Circular Motion and Gravitation HELP

[kittn44]

Hey there! Completely new here but thought someone could help. I have this problem where I don't even know where to start from.

The problem:

(Picture of loop with a man in a roller coaster cart hanging upside down from furthest top point of circle)

A man in the roller coaster is sitting on a bathroom scale. If he is traveling at 33.1 m/s at the point shown, the radius of the vertical coaster track is 61 meters, and the man has a mass of 55.3 kg, to the nearest Newton, what does the scale read?

Ok, first off, the answer isn't something I'm concerned with anyway because these values will not be the same as the ones I end up having to work, so I really just need someone to explain HOW I do this and WHY. My class is only 5 weeks long and I'm taking too much in and I just don't grasp circular motion quite yet. Any ideas and help appreciated!

Also, if the man were at the most bottom point of the loop, would you work the problem differently?

THANKS

 

[Jameson]

The acceleration for circular motion can be defined as:

$$a = \frac{v^2}{r}$$

where "a" is acceleration, "v" is velocity, and "r" is the radius.

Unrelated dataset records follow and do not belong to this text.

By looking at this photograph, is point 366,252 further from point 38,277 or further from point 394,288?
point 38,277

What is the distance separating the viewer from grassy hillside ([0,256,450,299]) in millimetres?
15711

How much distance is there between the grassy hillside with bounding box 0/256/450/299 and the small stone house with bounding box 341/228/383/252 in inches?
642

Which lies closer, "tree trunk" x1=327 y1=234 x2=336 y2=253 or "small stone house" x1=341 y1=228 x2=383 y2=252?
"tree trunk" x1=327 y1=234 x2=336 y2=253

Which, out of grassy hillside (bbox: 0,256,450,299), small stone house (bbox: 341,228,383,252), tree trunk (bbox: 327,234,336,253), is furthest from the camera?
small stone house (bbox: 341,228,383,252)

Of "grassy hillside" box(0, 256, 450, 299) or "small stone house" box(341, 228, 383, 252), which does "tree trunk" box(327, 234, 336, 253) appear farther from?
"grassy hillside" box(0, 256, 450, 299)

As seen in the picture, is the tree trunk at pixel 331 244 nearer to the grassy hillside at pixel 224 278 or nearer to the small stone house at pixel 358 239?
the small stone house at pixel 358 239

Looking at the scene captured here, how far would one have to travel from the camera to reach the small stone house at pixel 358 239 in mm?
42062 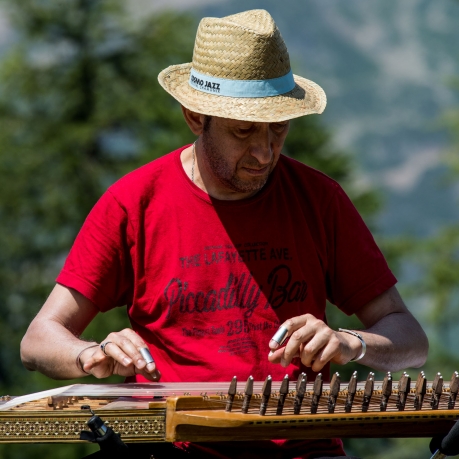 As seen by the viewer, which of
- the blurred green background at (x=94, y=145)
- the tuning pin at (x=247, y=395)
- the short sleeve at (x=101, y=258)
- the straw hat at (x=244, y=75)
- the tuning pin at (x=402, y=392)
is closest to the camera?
the tuning pin at (x=247, y=395)

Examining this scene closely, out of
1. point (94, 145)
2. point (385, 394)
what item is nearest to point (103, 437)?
point (385, 394)

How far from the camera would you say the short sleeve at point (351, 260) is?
3.45m

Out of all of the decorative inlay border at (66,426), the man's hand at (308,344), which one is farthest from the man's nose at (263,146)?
the decorative inlay border at (66,426)

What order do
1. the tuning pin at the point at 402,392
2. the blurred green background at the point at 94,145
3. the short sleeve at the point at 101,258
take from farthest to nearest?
the blurred green background at the point at 94,145, the short sleeve at the point at 101,258, the tuning pin at the point at 402,392

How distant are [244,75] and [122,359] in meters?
0.96

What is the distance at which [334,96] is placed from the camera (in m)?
62.5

Now once the acceleration is known, how might one find the force acting on the scale?

 

[thepatientmental]

Hi there! Don't worry, circular motion and gravitation can be a bit tricky at first, but with some practice and understanding of the concepts, you'll get the hang of it!

To solve this problem, you'll need to use the equations for circular motion and Newton's laws of motion. First, let's break down the problem into parts.

1. The man is traveling at 33.1 m/s at the point shown, which means he has a velocity in the vertical direction. This velocity is caused by the centripetal force, which is directed towards the center of the circle.

2. The radius of the vertical coaster track is 61 meters. This is the distance from the center of the circle to the point where the man is hanging upside down.

3. The man has a mass of 55.3 kg. This is important because it will help us calculate the force acting on him.

Now, to find the scale reading, we need to calculate the force that is acting on the man. This force is the sum of the weight of the man (mg) and the centripetal force (mv^2/r). We can set up an equation:

Scale reading = mg + mv^2/r

Substituting the given values, we get:

Scale reading = (55.3 kg)(9.8 m/s^2) + (55.3 kg)(33.1 m/s)^2/(61 m)

This gives us a scale reading of approximately 6,563 Newtons.

If the man were at the bottom point of the loop, the problem would be slightly different because his velocity would be different. However, the same concept applies and you would still use the same equation to find the scale reading.

I hope this helps you understand the problem better! Remember to always break it down into smaller parts and use the relevant equations to solve it. Good luck with your class!